Thing is, there are actually hints of that all the way back in book #2, which I didn't realize until this last reread! When the team is deciding what to do next for spying on the Yeerks, Jake has already done the math and decided it makes the most sense to use Melissa. She's Chapman's daughter AND she already has connections with Rachel, which makes it easier to get close to her. He already knows how to use people strategically right back at the start! True, he's much more apologetic and uncomfortable with this skill at the time, but it's impressive to see how much of the groundwork for later character development is already present here.
So animorphs #33. That opening. I know people have been talking for twenty years about Tobias as a trans allegory, but his fear at the start of this book that maybe Rachel WANTS him to be trapped in human morph is the most I've ever related to it. As a fear of detransition, and the fear that a partner doesn't really want your transitioned self.
oh. the book club is already to Tobias's Terrible No Good Very Bad mission.
Pacing as Tone Control
The more of this reread I'm through the more I feel like the primary factor in Animorphs being a kids' series is the use of pacing to control the tone.
Animorphs gets very dark and often doesn't hold back on the implications... except for when the pacing doesn't allow the reader to linger on them. It's probably most obvious in the wrap up chapter of 33: Tobias has been through hell but we're seeing the aftermath through the point of view of a Tobias who very much is focused on not focusing on it right now in favor of being with the others and safe again. We see in his actions and reactions in later books that being tortured by Taylor had long-term effects on him but in the book itself the pacing prevents the reader from dwelling on the long term by shifting the focus to the cooldown at the beach.
The fast pace lets Animorphs get away with a quick flash of a five-year-old Controller in 29 because the missions to save both Aftran and Ax are more pressing at the moment. Kids reading allow the fast pace to take them from beat to beat without long-term focus on the horrors that older readers are more ready to pick up on.
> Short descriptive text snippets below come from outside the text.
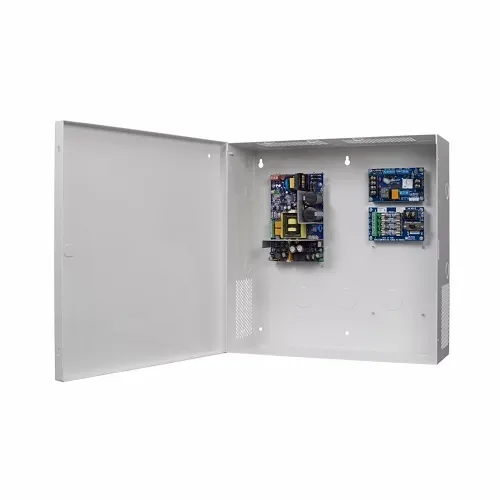 Securitron AQD4-8C1R2 AQD4 Series Switching Power Supply with Enclosure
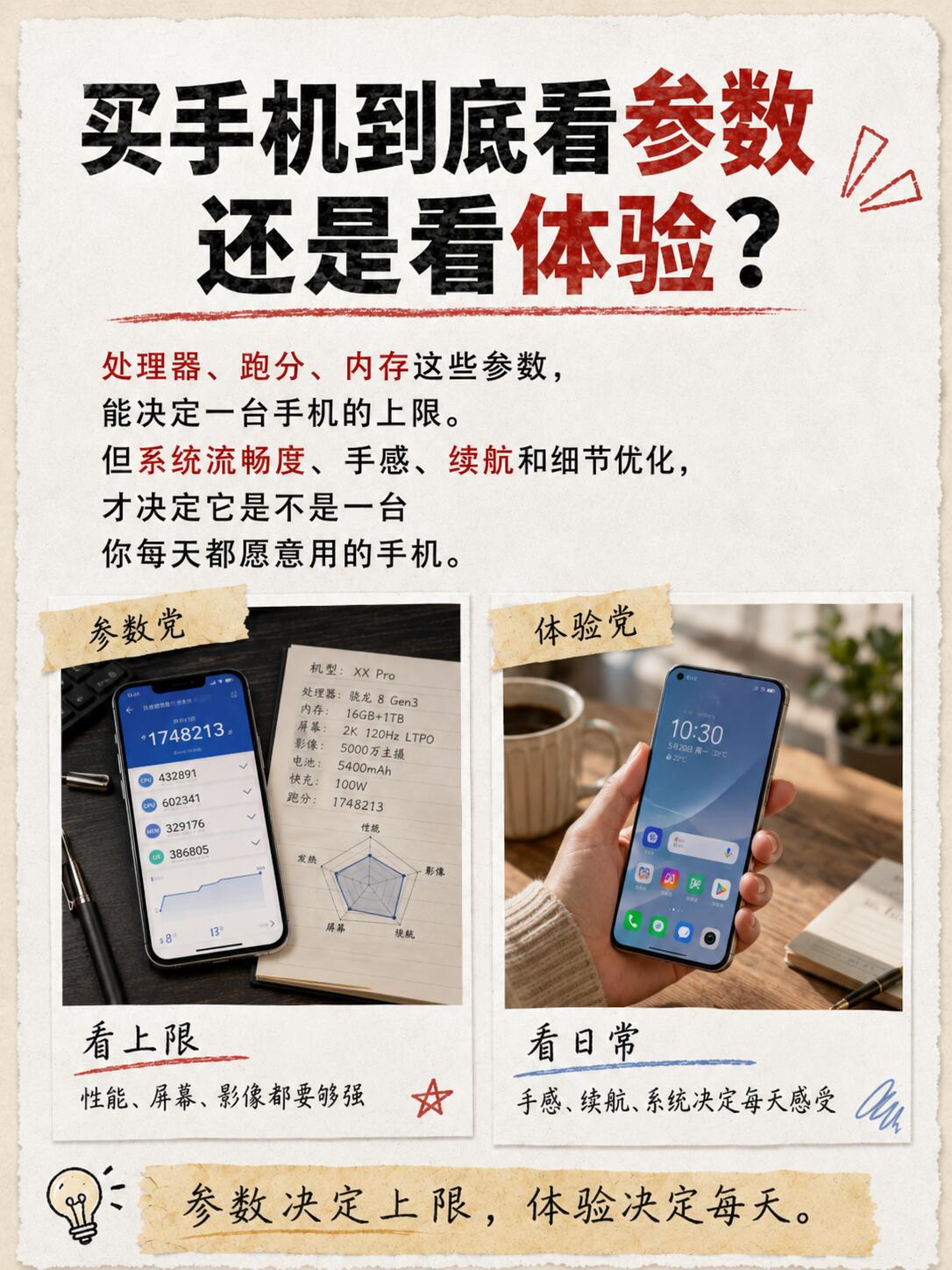 手机深度评测|全方位真实使用体验(通用标准版)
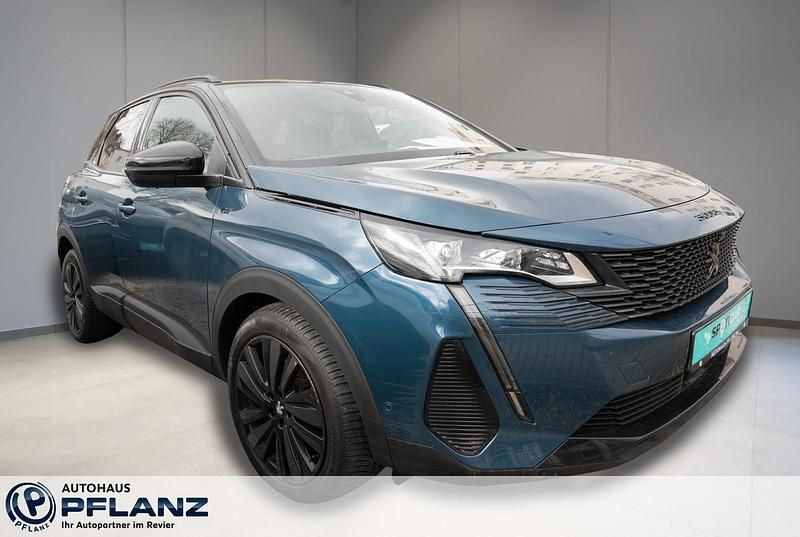 Gebraucht Peugeot 3008 GTi 131 PS (96 kW) 2022 Blau SUV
Sort of neat how the speed of moving from one plot beat to the next affects the overall tone just by itself.
decompressing from the mission at the beach is sort of a duty now more than a whim. It's about trying to force a sense of normalcy back into their existence.
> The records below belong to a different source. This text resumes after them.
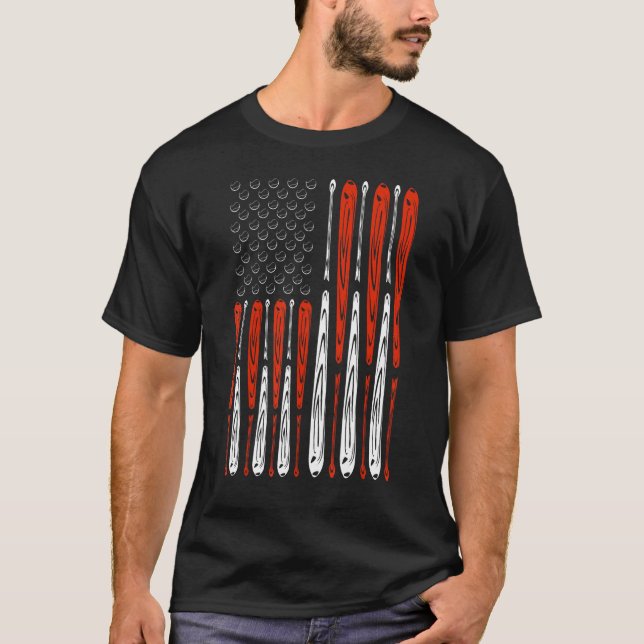 Camiseta America Pride Flag Patriotic Independence Day July (Frente)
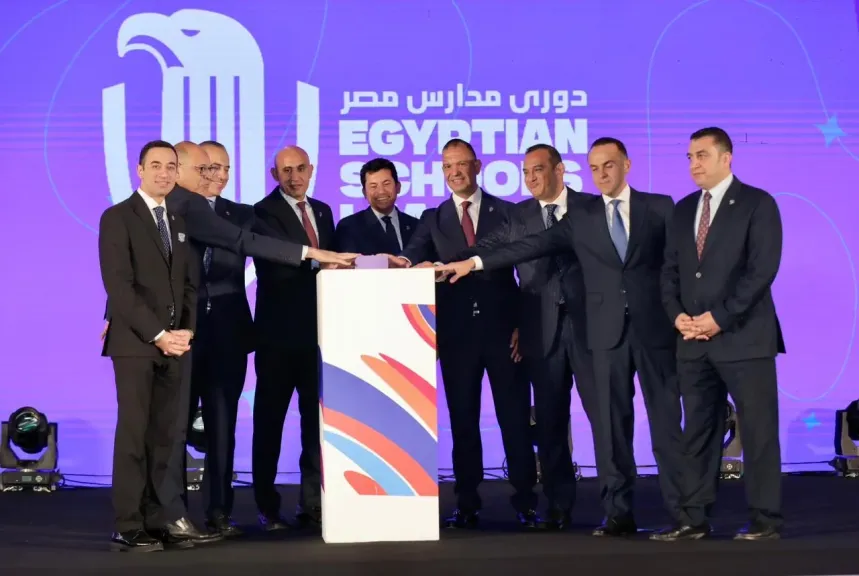 في مؤتمر صحفي موسع وبحضور 4 وزراء ..  إطلاق دوري المدارس بالتعاون بين وزارة التربية والتعليم وشركة استادات ورعاية  الشباب والرياضة باستخدام التكنولوجيا والذكاء الاصطناعي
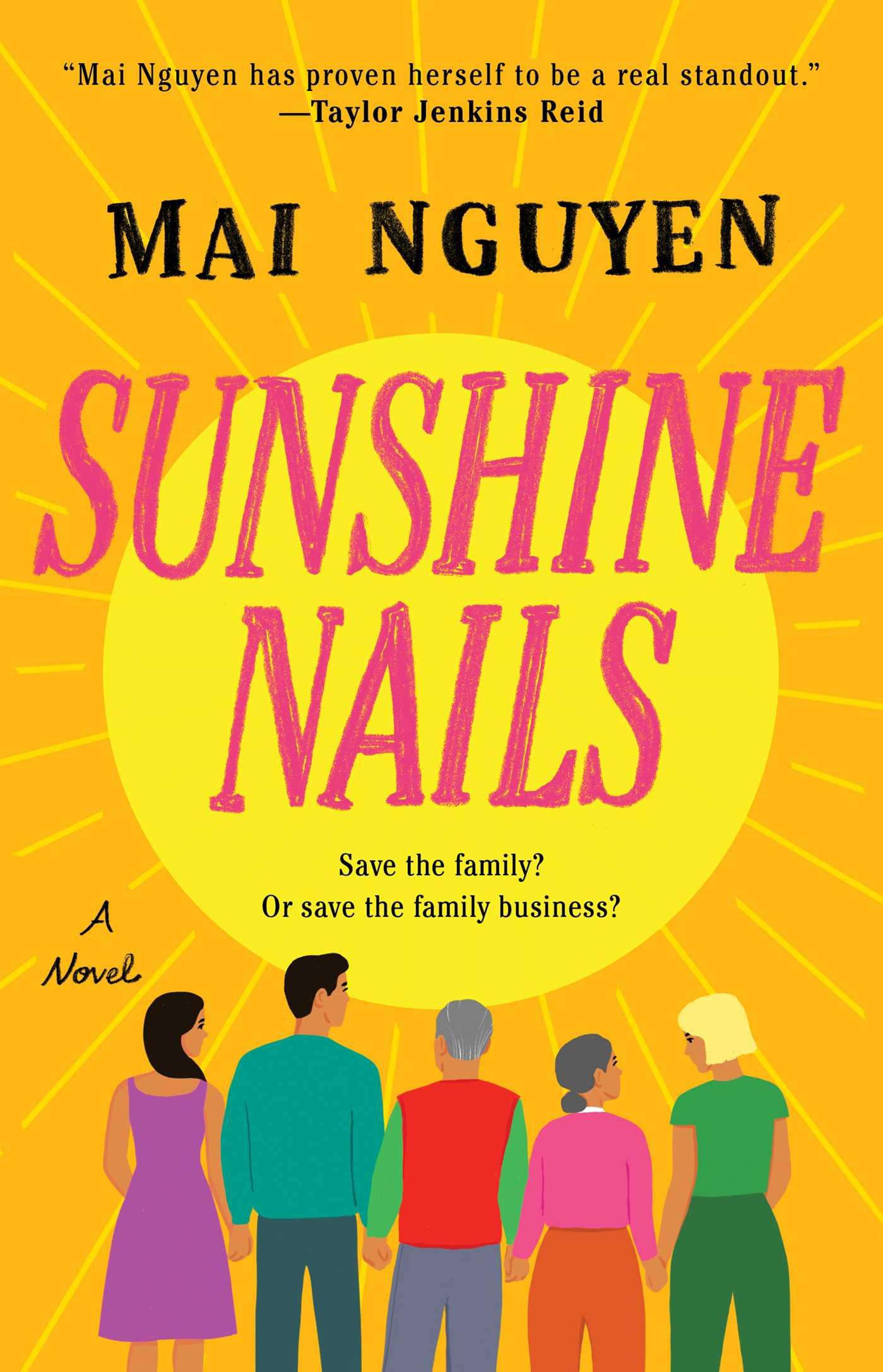 Vorderes Coverbild Sunshine Nails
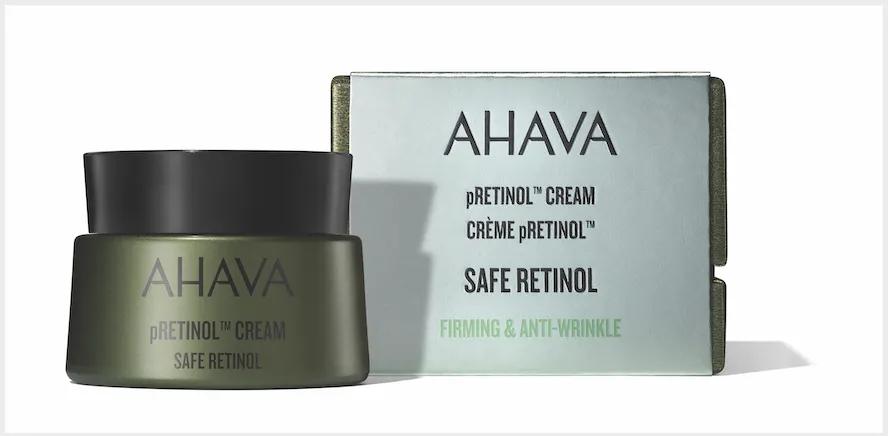 Ahava Safe pRetinol Crema Anti-Rughe ed Anti-Ossidante Viso 50 ml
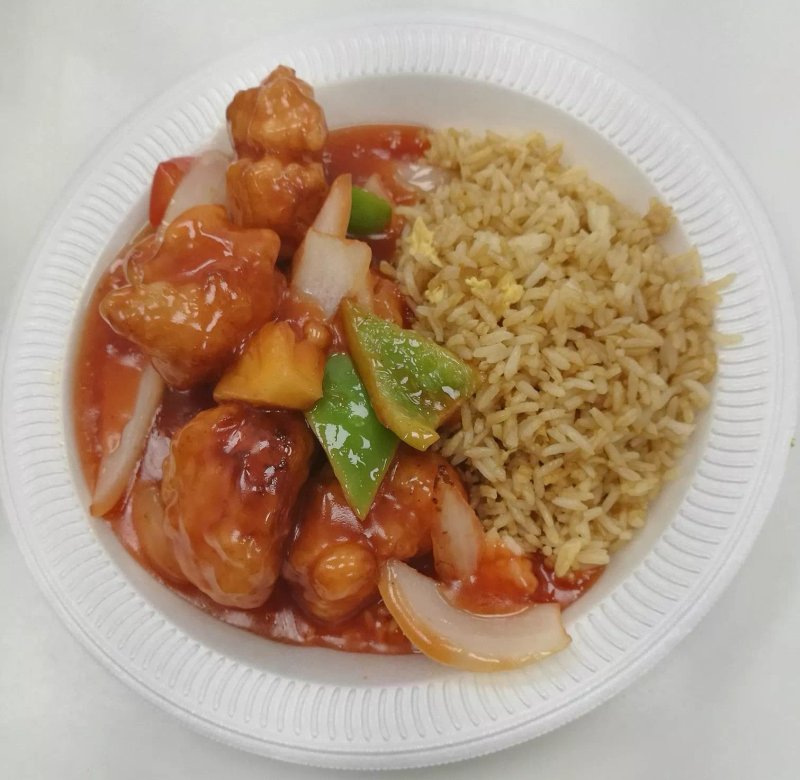 S.K. Cuisine Oriental Food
But what I want to talk about is the Utzum. As Ax describes it, it's memories passed through DNA to give strength to a dying andalite. Superstition or not, Tobias experienced it without ever being told of it first.
And it doesn't actually seem to come from DNA. Or at least not specifically andalite DNA. Elfangor was a nothlit as a human when Tobias was conceived. Genetically Tobias was born as a human. Whatever andalite spiritual or psychic stuff got passed to him, it wasn't through his DNA.
(keeps in mind for something in the final part of the series involving taxxons)
"What?" "It's just all these other people. The noise. This body …" I looked around, worried that someone might overhear. But no, not with human ears, not with this much noise. "You mean your body. The body you're in now is your body, Tobias. It's who you truly are. Normally, naturally." We'd been through this before. I didn't know how to answer. And I didn't know why she was pushing it.
On rereading Animorphs it really kind of amazes me that Tobias was written like this without intentional trans-coding in mind.
I also love that these two are written so messily. They love each other but they can never be quite on the same page about who Tobias is and what Tobias wants for himself and they also can't seem to actually talk about it without talking past each other.